Orzeł w piątek w podwójnym osłabieniu!

speedwaynews.pl 1 dzień temu

W piątkowy wczesny wieczór H. Skrzydlewska Orzeł Łódź będzie na własnym torze podejmować Moonfin Malesę Ostrów Wielkopolski. Będzie to zaległe spotkanie 11. kolejki Metalkas 2. Ekstraligi. Łodzianie przystąpią do tego pojedynku podwójnie osłabieni. Już wcześniej było wiadomo, iż w meczu nie pojedzie Patryk Wojdyło, który kilka tygodni temu zaliczył upadek w meczu przeciwko Texom Stali Rzeszów. Do tego jak się okazuje dochodzi absencja Václav Milíka. Czech wczoraj upadł w meczu ligi szwedzkiej na torze w Motali i choć zszedł o własnych siłach do parku maszyn, to okazało się iż 32-latek ma podejrzenie wstrząśnienia mózgu. To postawiło pod znakiem zapytania jego udział w piątkowym spotkaniu.

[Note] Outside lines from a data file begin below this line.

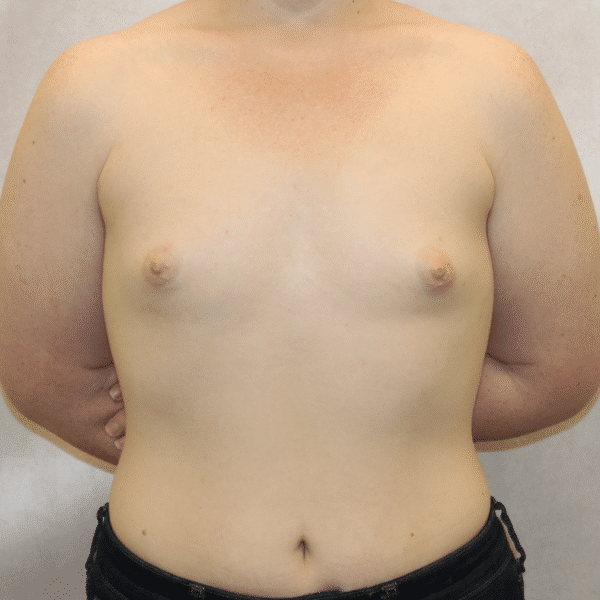 Case #5339 – Breast Augmentation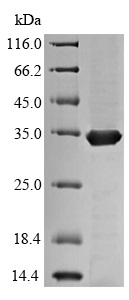 Recombinant Mycobacterium tuberculosis Ag85 protein (His tag)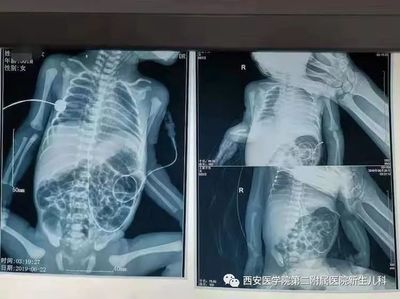 心脏影增大是怎么回事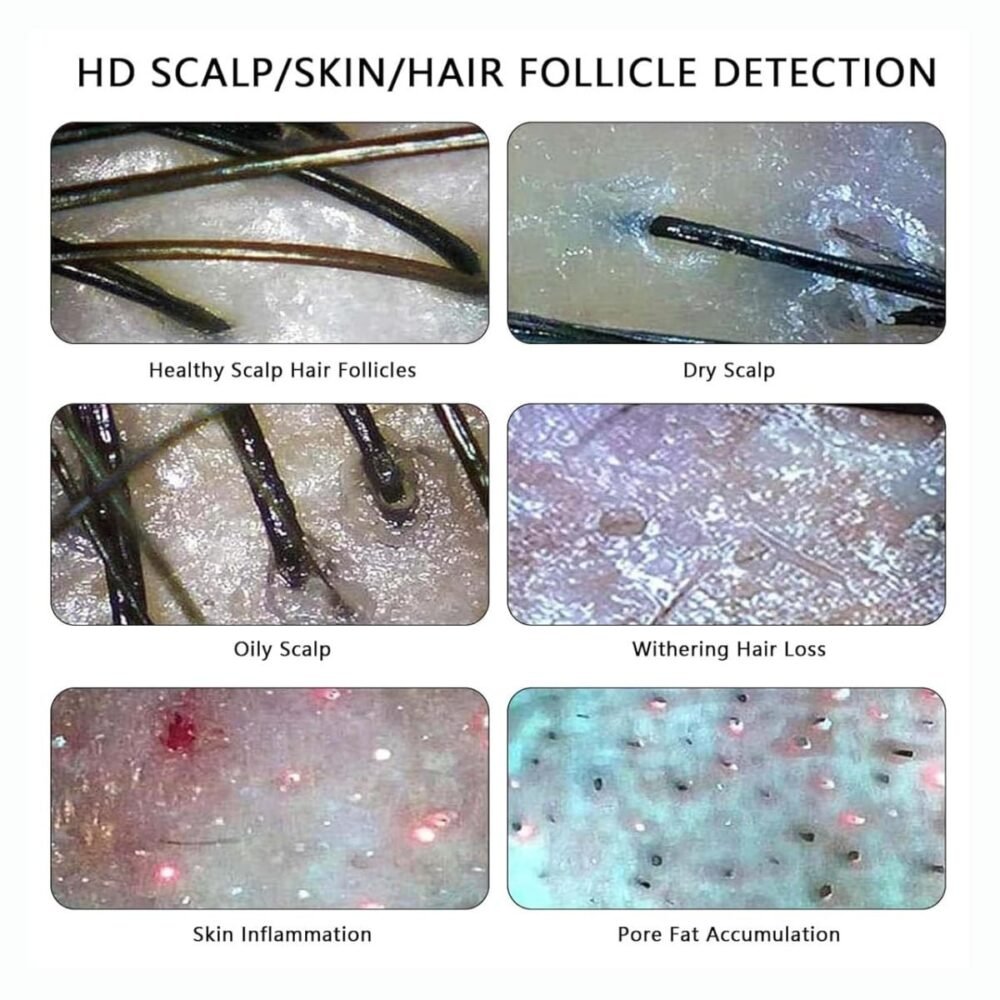 Dispositif d'analyse du cuir chevelu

Wątpliwości w tej kwestii błyskawicznie rozwiał Maciej Jąder na przedmeczowej konferencji prasowej.

Planujemy jedną zmianę w składzie. Dajemy odpocząć Vaclavowi Milikowi – powiedział łódzki szkoleniowiec cytowany przez portal Łódzki Żużel.

To najprawdopodobniej oznacza, iż szansę od pierwszego biegu dostanie Patrick Hansen, który w ostatnim meczu w Tarnowie pojechał pierwszy ligowy bieg od blisku dwóch lat. Niewykluczone jest jednak też to, iż więcej startów otrzymają łódzcy młodzieżowcy. Zarówno Seweryn Orgacki jak i Olivier Buszkiewicz bardzo korzystnie zaprezentowali się podczas środowych eliminacji Młodzieżowych Indywidualnych Mistrzostw Polski.

Sporo urazów po obydwu stronach

Po środowym meczu w Szwecji niewiadomą też może być postawa Andreasa Lyagera, który wycofał się z zawodów po jednym wyścigu. Później na swoich mediach społecznościowych napisał, iż jest jedynie obolały, jednak może on czuć pewien dyskomfort.

Nie tylko łodzianie przystąpią do piątkowej potyczki osłabieni. Bez dwóch kluczowych zawodników do Łodzi przyjedzie zespół Moonfin Malesy Ostrów Wielkopolski. Od blisko dwóch miesięcy kontuzjowany jest Luke Becker, a dwa tygodnie temu w Bydgoszczy ucierpiał Frederik Jakobsen.

Piątkowe starcie może mieć najważniejsze znaczenie w kontekście walki o szóste miejsce na koniec rundy zasadniczej. Zwycięstwo może jednak dać jedynie pewną przewagę psychologiczną, bowiem kwestia spadku z Metalkas 2. Ekstraligi rozstrzygnie się i tak dopiero w fazie play-down.